Friday, June 29, 2012

The City and the City - China Mieville

This story is very nearly a totally ordinary murder mystery, but the author is China Mieville, so obviously it can't be just straight-up fiction, and yet there is no magic in these twin cities - neither in Beszel or Ul Qoma. It is hard to imagine how this situation came to be, two cities physically overlapping one another, with the inhabitants of each hard at work ignoring the city they don't belong in. At first it seems that there must be some sort of magic involved, but there isn't - just the power of belief.

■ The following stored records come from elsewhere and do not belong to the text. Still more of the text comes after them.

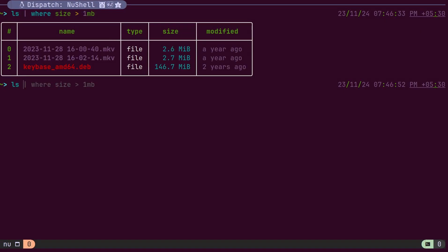If a file size value is specified as a string, the shell detects the mismatch in the filter values type and throws an error.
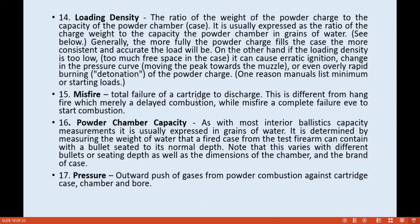Misfire is the total failure of a cartridge to discharge. Remember: misfire means the cartridge does not fire at all. This is different from hang fire, which is merely a delay of combustion. With a misfire, when you click the trigger, there is no combustion produced whatsoever.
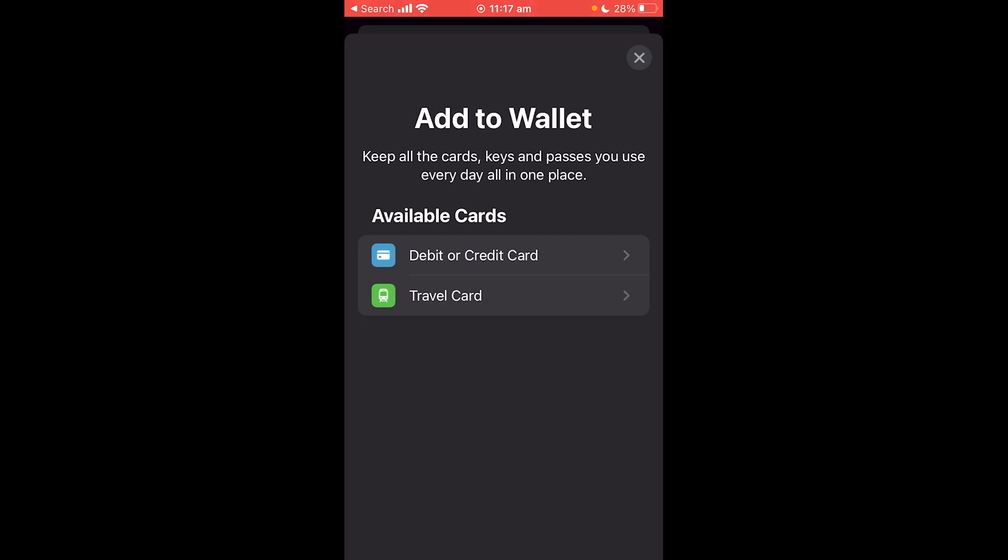Go to that section and there will be a button that says add to Apple Wallet. When you select that, there will be a prompt on your screen asking if you want to add it. Confirm that you want to add it and it will be added to your phone.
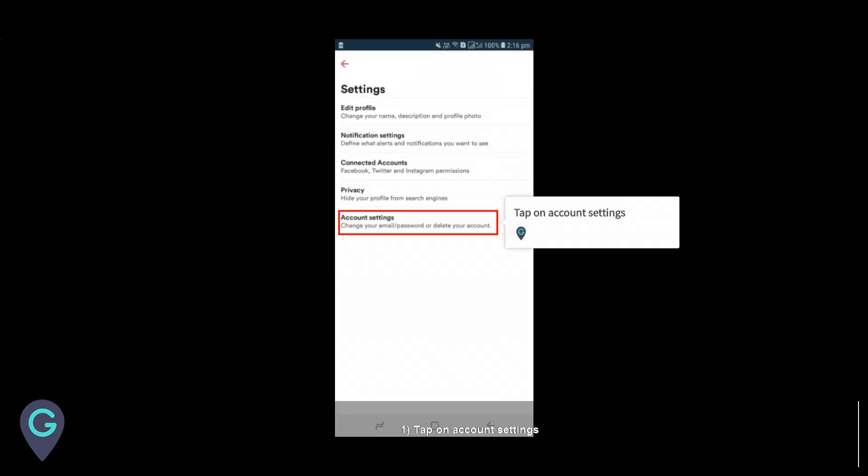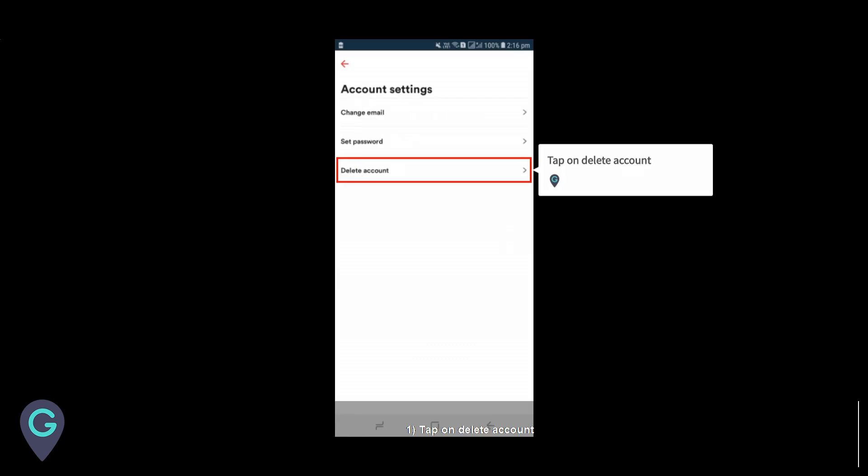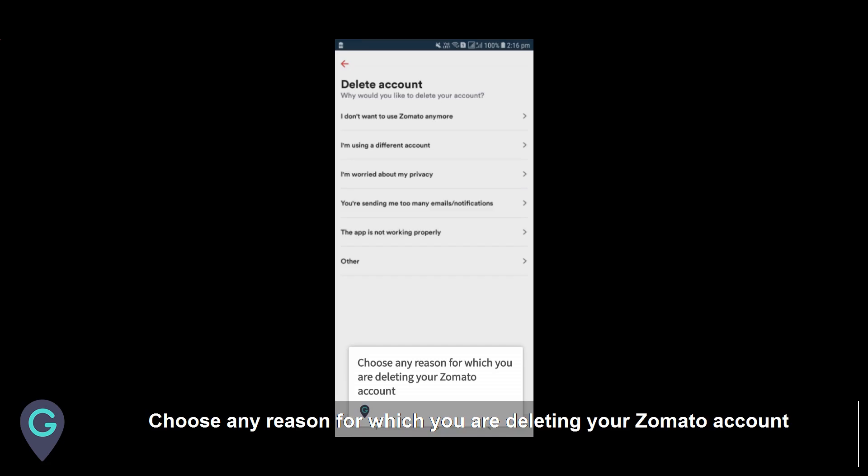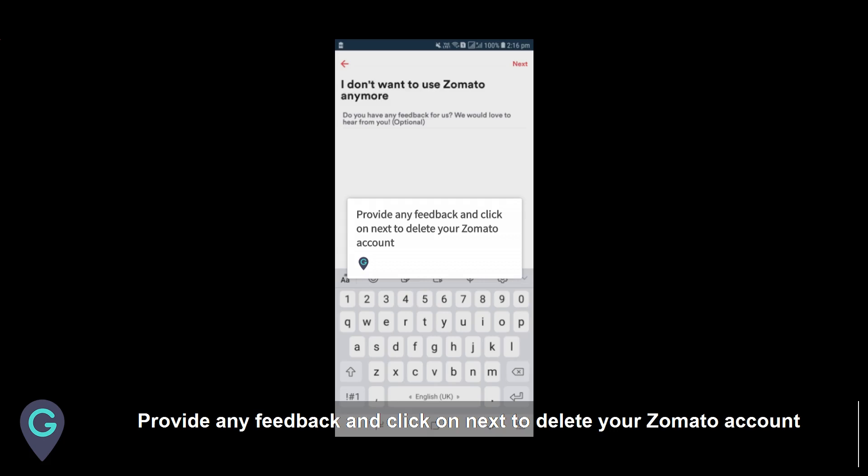Tap on account settings, then tap on delete account. Choose any reason for which you are deleting your Zomato account. Provide any feedback and click on next to delete your Zomato account.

Tyador Borlu is a cop with a dead body on his hands. He's trying to figure out who she is, why she was killed, and who killed her. In order to do so, he winds up moving between his home city, Beszel, and the city of Ul Qoma which exist in the same physical space, but occupy very different psychological spaces. We see the world through Tyador's eyes, which makes things interesting, especially when he interacts with foreigners who mostly find it impossible to "unsee" the city they are not supposed to be seeing. Clearly the existence of two separate cities is just a trick of the mind, and yet it works - the inhabitants of these cities act as though they live in physically separate places. Each city has its own transit system, a slum in one city can coexist with a very nice neighbourhood in the other, people make international phone calls to the house just up the street. It makes absolutely no sense, and yet this is a communal fiction with a total buy-in from the locals. It helps that breaking these rules and "seeing" the city you aren't supposed to be in is a crime, policed by the mysterious "Breach". Possibly there is magic involved there, but it isn't explicit.

As far as murder mysteries go, there's nothing incredible going on here, but this particular crime and the scene are inextricably intertwined. The setting is fascinating and weird, and Mieville really plays the reader's attempt to immerse themselves in the setting, and accept its bizarre rules as fact, against them when it comes to figuring out the mystery. I really enjoyed this, but I'm not nearly as enthralled as I was by The Scar. Still, I would recommend it to anyone who likes a good mystery and can cope with a very non-standard setting - or equally to anyone who enjoys SF...even though it really isn't SF or fantasy - it just requires the same reading protocols.